刚才在离婚处,不少夫妻都是板着脸埋着恨,甚至还有现场吵起来的。
唯有他们两个,神色淡定。
顾黔明看到陆秋远的后颈上,已经去除了自己的标记。
在他无法参与的时间里,陆秋远总是一个人走在远方。
十多年里,他被名为信息素的锁链困住,寸步难行。
如今这条铁链终于被自己蛮横地扯断了,却是迎来了这样的一天。
他也许再也追不上陆秋远的脚步了。
不过也好……顾黔明心想。
这张证件,是他们多年来内心堵着的一口气。
陆秋远终于舒坦了。
…… 而在周四赴约的那一天,陆秋远接到了来自盛秘书的电话。
盛秘书告诉陆秋远:“陆先生,您能帮忙劝劝顾总吗?让他去住院,去配合医生的治疗。
他的身体状况要是再拖下去,我怕会错过最佳的治疗时间。
医生说了,要是再不重视,真的也没几年可活了。
” “……你在说什么?” “您不是知道的吗?顾总一直在吃抑制剂的事情。
” 陆秋远一时不知道盛秘书要表达什么,困惑地回答:“他和我说,他的身体没有大碍,信息素也还在,好好休息就能恢复了。

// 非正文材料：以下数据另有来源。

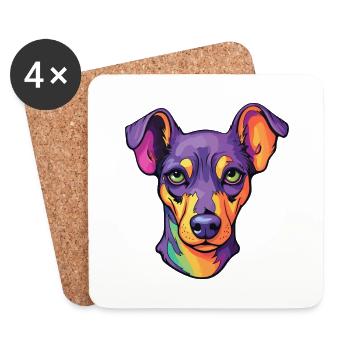Manchester Terrier Dog Breed Cartoon Kawaii Illust - Coasters (set of 4) - white - Front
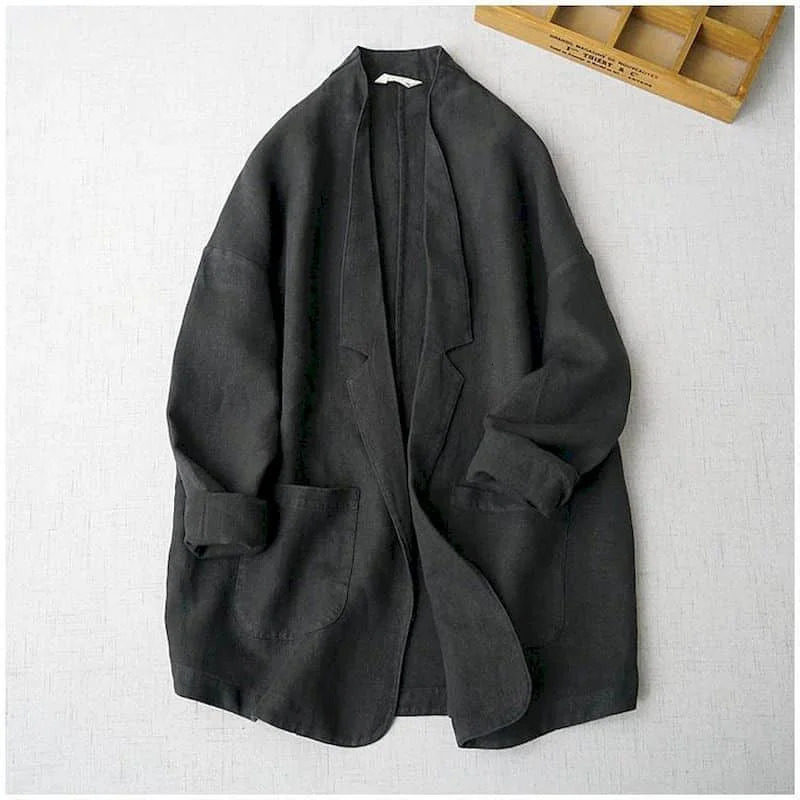 Womens long sleeved casual jacket Korean cotton linen retro oversized solid custom collar coat womens top 240807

” “……”盛秘书着实无语,“陆先生,顾总是骗您的!他的身体不大好,您难道没发现他身上一点信息素都没有了吗?什么抑制剂能把一个Alpha的信息素藏地这么滴水不漏?” 顾黔明是刮干净,剜心似得剜足了。
连骨头上的一点都不落下,削的利落。
顾黔明成了一个Beta,可他却骗着陆秋远。
陆秋远不解,更是不明白。
盛秘书也无法回答他,只说:“虽然您和顾总离婚了,但他真的只听您的,您劝劝他吧。
”说到最后,盛秘书无奈地叹气,挂了电话。
他是曾经受过顾黔明的恩惠,否则,一个上司是死是活和他还真没什么关系。
陆秋远放下手机,坐上车,茫然地望着一个红绿灯,回过神来时,他已经开到了永恒大厦门口。
他用门禁卡径直上了二十七楼。
此时,六点整。
公寓内,桌子上已经有了四五个家常菜,都是陆秋远喜欢吃的。
顾黔明正在亲自放餐具,他给陆秋远的玻璃杯中倒满了柠檬水。
他是头也不回地说:“来了?先去洗个手,可以吃饭了。
” 这感觉,就好像他们一直就住在这间公寓中,今日只是陆秋远下班回家的一个普通的日子罢了。
顾黔明见他不动,恍然道:“洗手间在这边。
”他领着陆秋远过去,对这间偌大的公寓熟门熟路。
而公寓内,明显有着生活的痕迹,不多,但至少可以知道,顾黔明应该是经常过来。
陆秋远听他的话,洗了手,坐到了餐桌前。
顾黔明主动给他夹菜,结果他一口没动。
因此,顾黔明稍稍尴尬地收回了手,清了清喉咙:“都是你爱吃的菜,这么些年,你的口味一直没变。
不过这些不是张嫂做的,也不知道你吃不吃得惯。
” 陆秋远抿了一口柠檬水:“你经常来这里?” “偶尔想过来看看,就会来一下。
”顾黔明微声催促,“你快尝尝。
” 他迫不及待地想让陆秋远试一试这些菜,因为这些菜都是他做的。
但他不会告诉陆秋远,他怕说出口后,就会毁了这个难得的夜晚。
陆秋远低头吃了几口饭菜,味道不错,可惜他没什么心思吃,他低头又喝了一口柠檬水。
顾黔明紧张地问他:“是太咸了吗?” “不是,很好吃。
”陆秋远客气道。
顾黔明却当真了,他整个人轻松了下来。
自己也动筷子夹了两口,味道还过得去。
陆秋远望着他,沉默了几秒钟后,开门见山:“你想对我说什么?” 这才是这顿饭的意义。
“边吃边说吧,菜凉了就不好吃了。
” 可那些该说的话,无非也就是曾经陆秋远不愿意听顾黔明说的话。
他娓娓道来,像是在说别人的故事般平静。
十六年的时间,让彼此的情绪都沉淀,回过头去看,过往宛如一场旧电影,此刻正要散场。
结束后的字幕缓缓地在屏幕上流动,一行又一行地消失。
而他们很久没有这样心平气和地面对面吃饭了。
平常人家普通温馨的一顿晚餐,在顾黔明看来就是一个奢望。
他的声音很温和,落幕了一场闹剧之后,他很感谢陆秋远愿意坐下来听他说这些。
但唯独有一件事,他还是骗了陆秋远。